▶ EXERCISE DETAILS:
Copy out the listing in full, exactly as written, but not its pictures.

▶ COLLECTED MATERIAL:
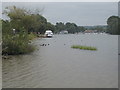 Looking down the Thames towards Bourne End in SL8 5PS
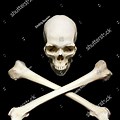 Real Human Skull with Crossed Bones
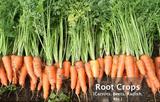 Root Crops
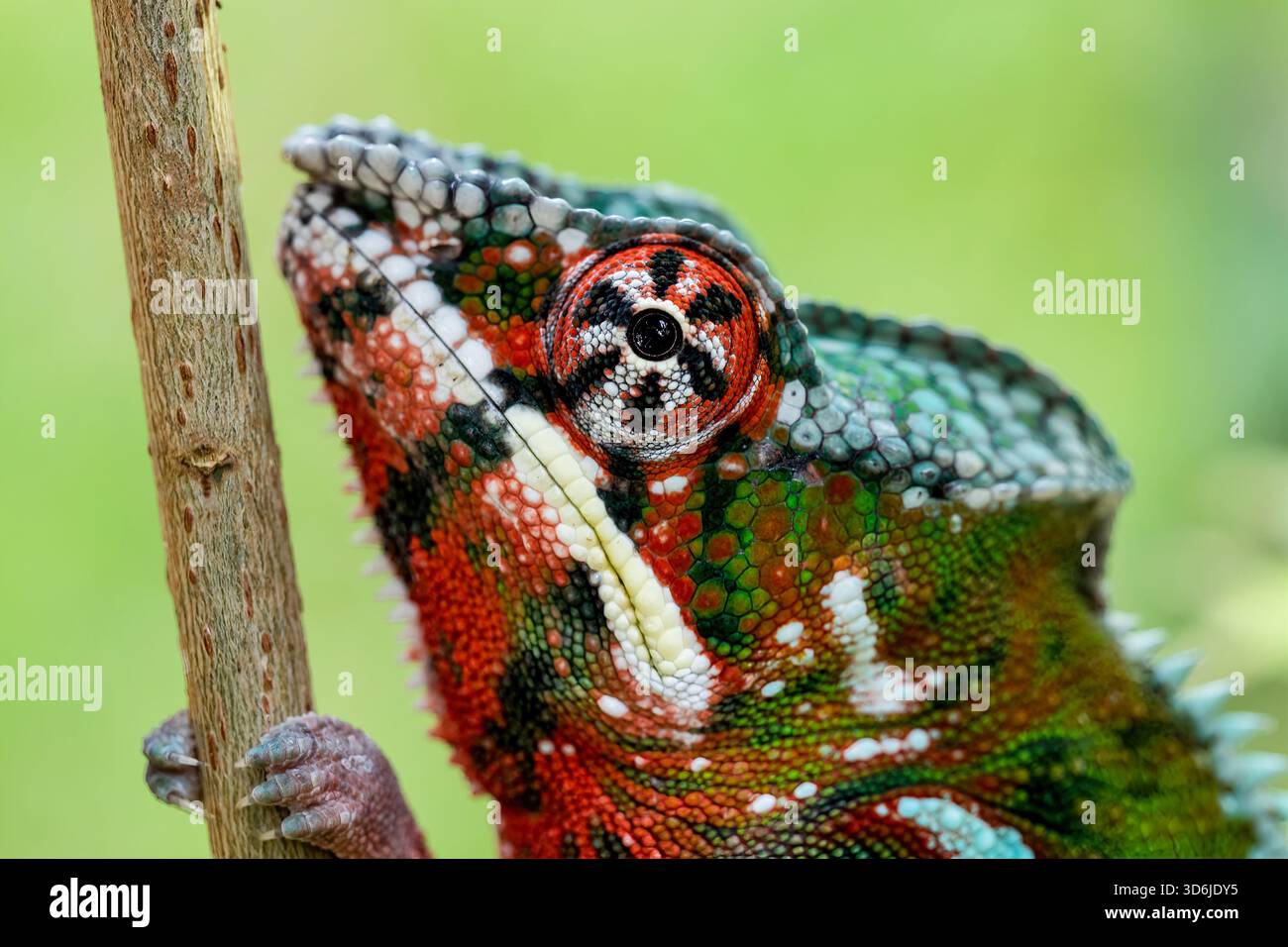 Blutig rot-blauer Stab Ambilobe Panther Chamäleon (Furcifer pardalis), der auf einem Ast klettert. Nahaufnahme von Kopf und Auge. Nosy Mangabe, Madagaskar. Stockfoto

▶ ANSWER BOX:
 Looking down the Thames towards Bourne End in SL8 5PS
 Real Human Skull with Crossed Bones
 Root Crops
 Blutig rot-blauer Stab Ambilobe Panther Chamäleon (Furcifer pardalis), der auf einem Ast klettert. Nahaufnahme von Kopf und Auge. Nosy Mangabe, Madagaskar. Stockfoto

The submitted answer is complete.